▸ TASK DESCRIPTION
Please copy the lines below, exactly as they are, from the one with "Abu Dhabi customs" through the one with "St Johns trip 088", and leave out the pictures.

▸ SOURCE MATERIAL
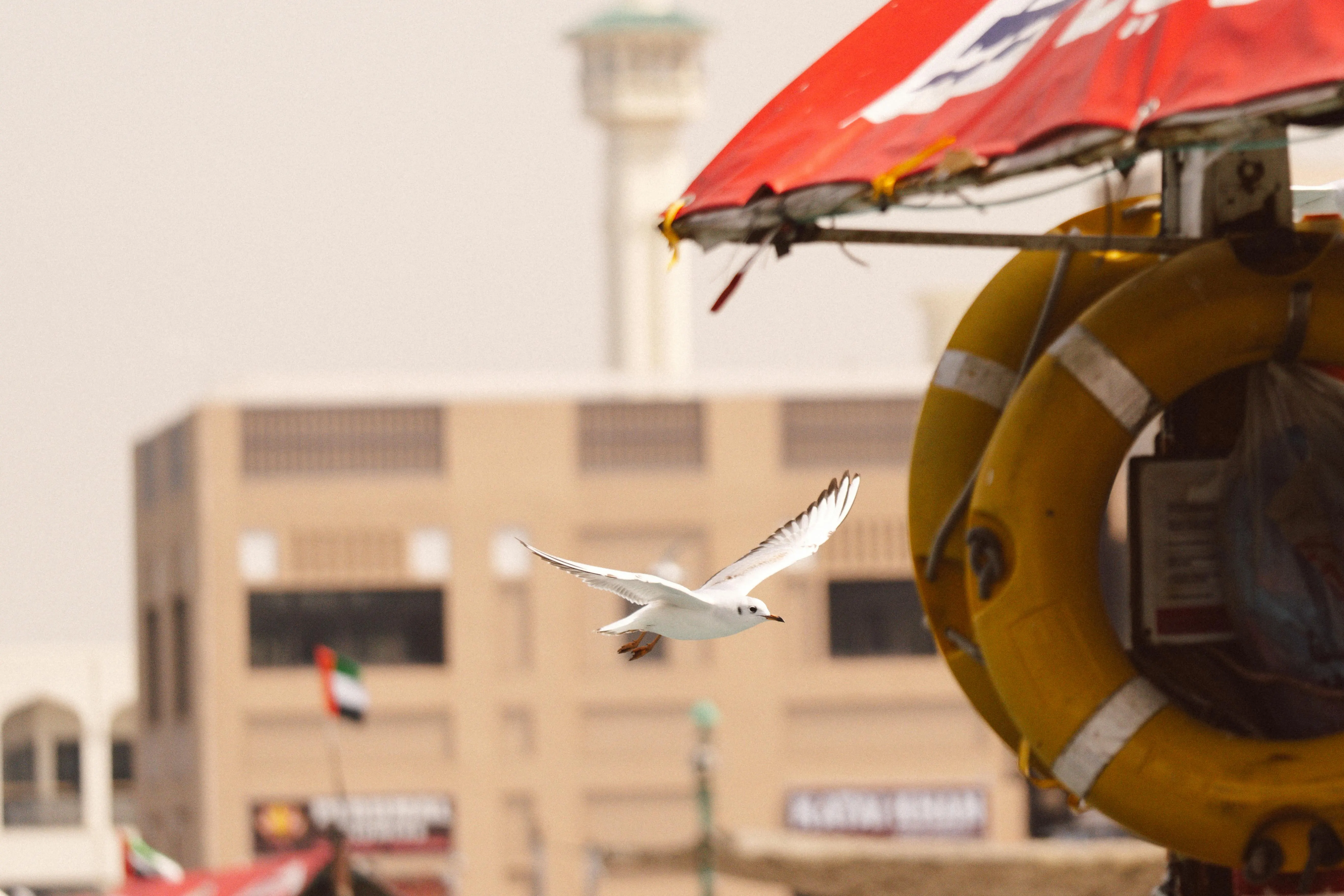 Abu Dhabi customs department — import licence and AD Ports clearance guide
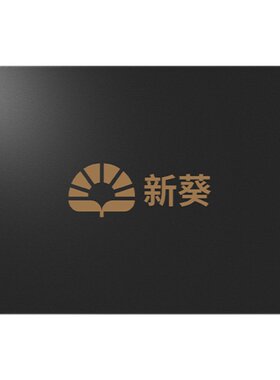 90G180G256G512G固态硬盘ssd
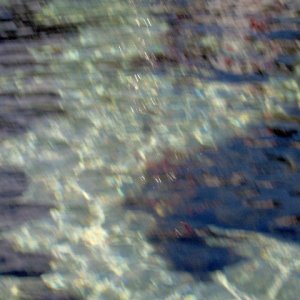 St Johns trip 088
---
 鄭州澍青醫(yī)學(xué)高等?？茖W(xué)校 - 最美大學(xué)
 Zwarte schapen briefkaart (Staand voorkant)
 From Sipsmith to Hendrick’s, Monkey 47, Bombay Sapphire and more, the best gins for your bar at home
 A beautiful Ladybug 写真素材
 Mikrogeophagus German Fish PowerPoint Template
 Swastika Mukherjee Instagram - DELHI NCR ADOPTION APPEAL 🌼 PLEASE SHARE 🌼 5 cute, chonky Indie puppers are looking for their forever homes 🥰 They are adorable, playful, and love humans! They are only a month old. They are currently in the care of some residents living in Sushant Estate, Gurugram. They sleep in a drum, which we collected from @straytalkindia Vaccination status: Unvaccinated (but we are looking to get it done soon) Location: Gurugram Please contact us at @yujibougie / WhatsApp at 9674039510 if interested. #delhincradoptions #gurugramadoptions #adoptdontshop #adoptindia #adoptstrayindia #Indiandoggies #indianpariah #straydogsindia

▸ TASK ANSWER
 Abu Dhabi customs department — import licence and AD Ports clearance guide
 90G180G256G512G固态硬盘ssd
 St Johns trip 088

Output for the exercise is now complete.